Las Vegas Real Estate and Business News

February 06, 2006 at 8:17:41 PST
February 05, 2006
A taste of Manhattan
The recent condo boom could send Las Vegas urban living upward - and upscale
By Jennifer Shubinski
Las Vegas Sun

The city of perpetual makeover is about to go a little Manhattan. The little railroad town that became a casino center and then a sprawling suburbia is adding a dollop of upscale urban life with 16 high-rise condominium towers under construction and a promise of scores more on the way.

If the boom continues, and that could be a large "if," Las Vegas will slowly evolve into a city dotted with neighborhoods that bustle with street life, nightclubs, art galleries, restaurants - even urban grocery stores. In those areas, cars won't be king. Rockports will.

"It does represent a new way of living in the valley," said Scott Adams, business development director for Las Vegas, which is keenly interested in renewing its downtown core by adding high-rise residences. "It's not new in America. We're just catching up with the rest of the country in terms of a vertical lifestyle."

As Southern California built out, for example, residential towers popped up along the Wilshire Corridor and in Century City, Manhattan Beach and Santa Monica. Similar trends seem inevitable in the Las Vegas Valley, which is long on housing demand and short on land for new developments.

"We will see beautiful and amazing urban projects in multiple locations throughout Las Vegas," said Tim Sullivan, president of the San Diego-based Sullivan Group Real Estate Advisors.

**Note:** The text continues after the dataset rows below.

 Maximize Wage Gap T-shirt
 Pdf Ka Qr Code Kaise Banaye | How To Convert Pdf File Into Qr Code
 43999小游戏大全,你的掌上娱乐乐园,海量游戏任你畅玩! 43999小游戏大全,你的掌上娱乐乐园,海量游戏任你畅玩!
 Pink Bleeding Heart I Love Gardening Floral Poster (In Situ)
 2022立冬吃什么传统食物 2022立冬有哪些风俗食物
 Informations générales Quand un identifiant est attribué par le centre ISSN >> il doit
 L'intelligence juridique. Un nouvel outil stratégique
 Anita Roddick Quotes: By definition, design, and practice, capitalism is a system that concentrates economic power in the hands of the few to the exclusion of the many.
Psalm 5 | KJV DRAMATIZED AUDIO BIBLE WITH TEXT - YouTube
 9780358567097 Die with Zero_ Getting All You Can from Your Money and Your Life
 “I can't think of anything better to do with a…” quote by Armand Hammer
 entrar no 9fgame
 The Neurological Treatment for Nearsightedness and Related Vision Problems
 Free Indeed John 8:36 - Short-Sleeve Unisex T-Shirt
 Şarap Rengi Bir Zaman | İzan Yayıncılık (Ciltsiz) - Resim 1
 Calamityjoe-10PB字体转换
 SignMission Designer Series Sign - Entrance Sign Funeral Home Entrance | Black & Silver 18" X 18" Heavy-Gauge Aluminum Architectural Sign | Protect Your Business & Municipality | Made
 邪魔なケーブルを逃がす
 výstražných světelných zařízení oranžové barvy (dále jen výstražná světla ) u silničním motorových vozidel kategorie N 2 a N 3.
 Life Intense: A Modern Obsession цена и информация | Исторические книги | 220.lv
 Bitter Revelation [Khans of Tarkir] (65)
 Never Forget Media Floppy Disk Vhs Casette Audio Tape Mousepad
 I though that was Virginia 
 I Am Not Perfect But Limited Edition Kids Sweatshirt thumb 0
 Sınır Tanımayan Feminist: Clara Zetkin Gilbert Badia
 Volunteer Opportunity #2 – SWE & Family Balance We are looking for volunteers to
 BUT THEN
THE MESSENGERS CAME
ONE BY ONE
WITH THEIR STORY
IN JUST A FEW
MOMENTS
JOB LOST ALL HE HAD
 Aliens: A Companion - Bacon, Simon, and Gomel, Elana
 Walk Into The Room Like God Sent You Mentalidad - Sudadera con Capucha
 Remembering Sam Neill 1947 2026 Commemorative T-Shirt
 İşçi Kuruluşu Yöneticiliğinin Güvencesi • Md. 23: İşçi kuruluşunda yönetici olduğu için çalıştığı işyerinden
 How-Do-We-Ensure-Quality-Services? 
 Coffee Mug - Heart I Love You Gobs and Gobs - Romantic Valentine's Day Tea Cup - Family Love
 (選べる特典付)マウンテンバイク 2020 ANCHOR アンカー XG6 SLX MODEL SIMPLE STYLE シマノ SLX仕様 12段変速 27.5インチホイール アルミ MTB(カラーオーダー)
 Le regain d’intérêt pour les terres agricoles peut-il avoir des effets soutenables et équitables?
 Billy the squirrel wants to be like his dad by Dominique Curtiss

Towers planned in the Las Vegas Strip corridor are getting the most attention at the moment and they will bear watching over the years. Condo residents will add a dimension never before present on the Strip: Wealthy homeowners who pay big property tax bills and, for those who live here permanently, have the right to vote. Will they want the same things as tourists and the casinos and other businesses whose preferences have always ruled?

Across the Las Vegas Valley, construction is under way that will add 5,875 high-rise units over the next two to three years. Experts say they see demand for up to 7,000 new units a year for the foreseeable future.

Even so, the valley's urbanization would be piecemeal and slow. A handful of the more than 105 proposed condo towers fell through last year, and an estimated 80 percent of the high-rise units sold so far have gone to investors or out-of-state buyers looking for second, third or even fourth homes, real estate experts say.

"Most of these people aren't going to live in these towers - they are real estate investments," said Robert Fielden, partner at RAFI Planning Architecture and Urban Design.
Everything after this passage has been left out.